Trois poids, trois mesures

Par L'Expression Edition OnLine - 14 /12/ 2009

«Quelle différence cela fait-il aux morts, aux orphelins et aux sans-abri que la destruction aveugle ait été amenée au nom du totalitarisme ou au nom sacré de la liberté et de la démocratie?» «Il y a beaucoup de causes pour lesquelles je suis prêt à mourir mais aucune cause pour laquelle je suis prêt à tuer.»
Le Mahatma Gandhi
Barack Obama a reçu officiellement, ce 10 décembre 2009 à Oslo, son prix Nobel de la paix. Empêtré dans deux conflits en Irak et en Afghanistan, il est néanmoins distingué par l’académie norvégienne du prix Nobel. C’est, dit-on, une héroïque infirmière militaire britannique, qui convainquit Alfred Nobel de créer un prix de la paix pour compenser le mal fait par la dynamite dont il était l’inventeur. Or, parmi les lauréats qui ont reçu le prix depuis sa création, en 1901, quelques-uns ne s’étaient pas montrés particulièrement rétifs à l’utilisation militaire des explosifs.
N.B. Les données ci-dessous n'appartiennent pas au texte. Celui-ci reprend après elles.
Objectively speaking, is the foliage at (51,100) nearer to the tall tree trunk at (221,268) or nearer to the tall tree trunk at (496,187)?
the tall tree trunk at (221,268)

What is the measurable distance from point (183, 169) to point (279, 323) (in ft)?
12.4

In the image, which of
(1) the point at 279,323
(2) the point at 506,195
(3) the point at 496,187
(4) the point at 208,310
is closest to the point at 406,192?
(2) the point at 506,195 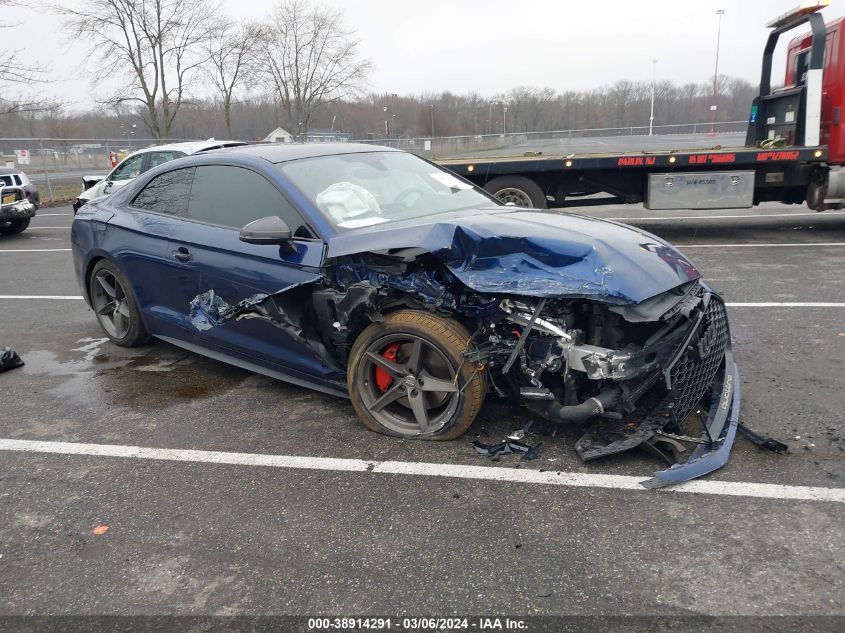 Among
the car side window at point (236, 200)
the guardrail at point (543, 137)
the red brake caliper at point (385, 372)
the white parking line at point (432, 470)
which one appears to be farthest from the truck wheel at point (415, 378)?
the guardrail at point (543, 137)

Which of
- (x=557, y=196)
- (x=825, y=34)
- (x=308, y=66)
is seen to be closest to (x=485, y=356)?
(x=557, y=196)

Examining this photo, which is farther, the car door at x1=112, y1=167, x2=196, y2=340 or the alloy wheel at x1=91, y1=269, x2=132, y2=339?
the alloy wheel at x1=91, y1=269, x2=132, y2=339

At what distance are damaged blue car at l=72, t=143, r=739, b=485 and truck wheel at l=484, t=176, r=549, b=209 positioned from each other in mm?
5874

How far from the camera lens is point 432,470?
128 inches

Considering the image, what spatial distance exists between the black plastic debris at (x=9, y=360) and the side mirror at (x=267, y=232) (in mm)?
2769

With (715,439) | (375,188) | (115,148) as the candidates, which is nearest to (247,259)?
(375,188)

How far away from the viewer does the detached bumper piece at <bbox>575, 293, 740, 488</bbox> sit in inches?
121

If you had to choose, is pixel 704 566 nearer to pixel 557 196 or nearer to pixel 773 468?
pixel 773 468

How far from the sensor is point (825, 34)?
9.15 metres

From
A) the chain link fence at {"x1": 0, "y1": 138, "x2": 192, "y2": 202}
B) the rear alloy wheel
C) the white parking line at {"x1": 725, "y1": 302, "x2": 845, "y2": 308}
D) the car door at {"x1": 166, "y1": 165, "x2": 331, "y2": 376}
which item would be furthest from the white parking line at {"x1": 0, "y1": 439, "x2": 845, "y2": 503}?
the chain link fence at {"x1": 0, "y1": 138, "x2": 192, "y2": 202}

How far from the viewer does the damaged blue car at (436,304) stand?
3117 millimetres

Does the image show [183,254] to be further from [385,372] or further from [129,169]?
[129,169]

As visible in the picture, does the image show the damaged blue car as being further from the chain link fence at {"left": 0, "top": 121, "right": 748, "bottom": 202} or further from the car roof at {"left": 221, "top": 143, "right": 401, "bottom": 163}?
the chain link fence at {"left": 0, "top": 121, "right": 748, "bottom": 202}

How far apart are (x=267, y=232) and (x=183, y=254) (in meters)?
1.11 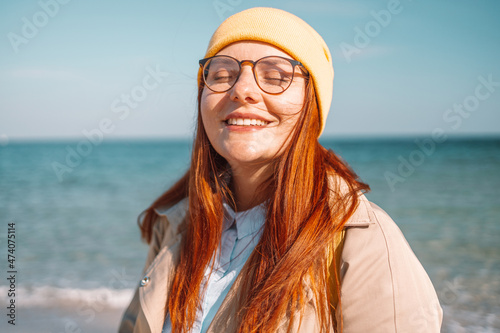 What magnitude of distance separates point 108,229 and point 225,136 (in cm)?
889

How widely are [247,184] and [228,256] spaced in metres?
0.36

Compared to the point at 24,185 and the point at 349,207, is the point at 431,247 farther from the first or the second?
the point at 24,185

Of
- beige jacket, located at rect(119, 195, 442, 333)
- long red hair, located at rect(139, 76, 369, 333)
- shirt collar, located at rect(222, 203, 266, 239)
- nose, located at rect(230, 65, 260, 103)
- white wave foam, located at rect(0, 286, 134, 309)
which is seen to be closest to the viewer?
beige jacket, located at rect(119, 195, 442, 333)

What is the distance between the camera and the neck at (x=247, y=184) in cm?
190

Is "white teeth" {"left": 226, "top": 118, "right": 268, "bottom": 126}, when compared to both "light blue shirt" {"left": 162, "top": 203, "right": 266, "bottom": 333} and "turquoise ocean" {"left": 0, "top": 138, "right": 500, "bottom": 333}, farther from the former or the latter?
"turquoise ocean" {"left": 0, "top": 138, "right": 500, "bottom": 333}

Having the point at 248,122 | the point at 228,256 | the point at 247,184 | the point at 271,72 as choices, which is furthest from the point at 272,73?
the point at 228,256

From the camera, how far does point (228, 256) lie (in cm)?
187

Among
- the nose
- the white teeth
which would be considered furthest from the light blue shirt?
the nose

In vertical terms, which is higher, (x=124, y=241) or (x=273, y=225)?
(x=124, y=241)

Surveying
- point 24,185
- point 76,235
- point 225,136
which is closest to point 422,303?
point 225,136

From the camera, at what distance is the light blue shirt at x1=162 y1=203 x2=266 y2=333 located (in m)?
1.72

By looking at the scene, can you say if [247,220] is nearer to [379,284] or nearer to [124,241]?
[379,284]

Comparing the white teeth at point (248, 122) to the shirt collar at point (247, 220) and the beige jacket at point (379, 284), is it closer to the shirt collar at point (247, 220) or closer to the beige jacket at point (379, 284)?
the shirt collar at point (247, 220)

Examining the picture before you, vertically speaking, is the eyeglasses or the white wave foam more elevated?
the eyeglasses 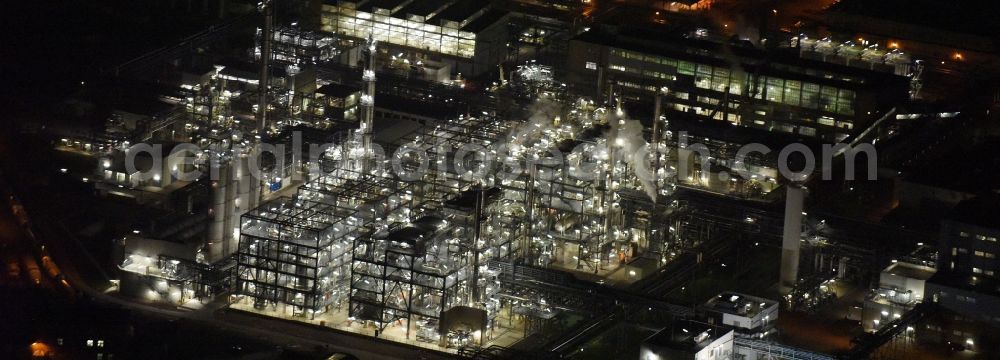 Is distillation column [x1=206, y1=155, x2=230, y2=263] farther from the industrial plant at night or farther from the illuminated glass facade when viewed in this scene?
the illuminated glass facade

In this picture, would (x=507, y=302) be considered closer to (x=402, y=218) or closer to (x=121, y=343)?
(x=402, y=218)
À commencer par le président américain Théodore Roosevelt, prix Nobel en 1906 qui, en dépit de son aimable sobriquet de «Teddy», était un militariste avéré, de même que certains en vrac: l’Egyptien Anouar al-Sadate, l’Israélien Menahem Begin, le Palestinien Yasser Arafat, l’Américain Henry Kissinger, ou encore le Vietnamien Le Duc Tho, qui devait, lui, prudemment le décliner. Avec 21 prix Nobel de la Paix à ce jour, les Etats-Unis détiennent le record du genre, devant le Royaume-Uni et la France. Mais de Jimmy Carter à Barack Obama, Washington aura initié nombre d’opérations militaires dans le monde entier, parfois comme en Irak, sans motifs justifiables a posteriori. Les archives du comité Nobel s’ouvrant au bout de 50 ans, on connaît maintenant les finalistes auxquels le prix a échappé dans la dernière évaluation. Ainsi Adolph Hitler a-t-il été proposé en 1939, Mussolini en 1935 et Staline par deux fois, en 1945 et 1948.(…)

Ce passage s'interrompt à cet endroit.